DATA RECORDS.
>>

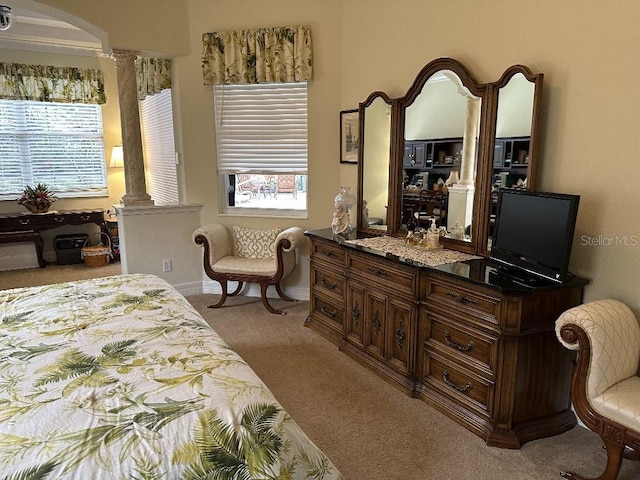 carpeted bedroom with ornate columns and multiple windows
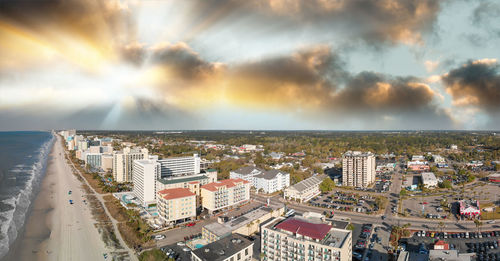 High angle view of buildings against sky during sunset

<<
>>

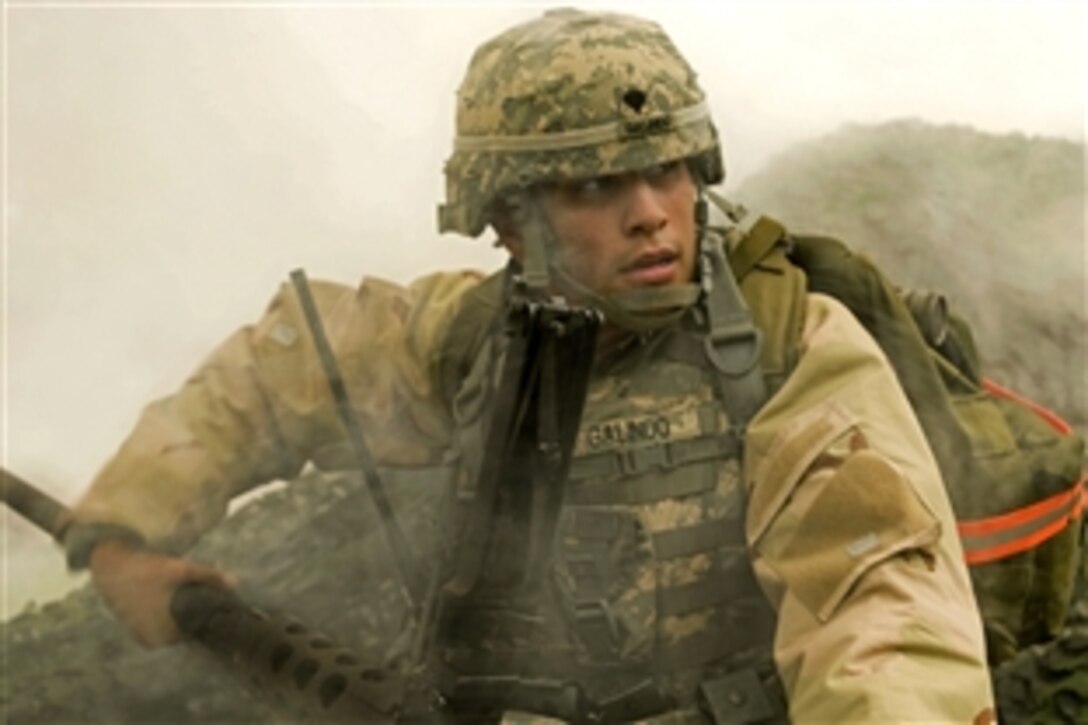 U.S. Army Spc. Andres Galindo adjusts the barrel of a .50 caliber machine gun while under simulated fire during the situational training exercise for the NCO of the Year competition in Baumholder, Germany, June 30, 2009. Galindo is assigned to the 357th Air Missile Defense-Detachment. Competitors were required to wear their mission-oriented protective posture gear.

<<

BRIEF.
Everything from the line with "carpeted bedroom with" down to the line with "High angle view" in the data above should be copied exactly, with both end lines kept and the pictures left out.

EXERCISE ANSWER.
 carpeted bedroom with ornate columns and multiple windows
 High angle view of buildings against sky during sunset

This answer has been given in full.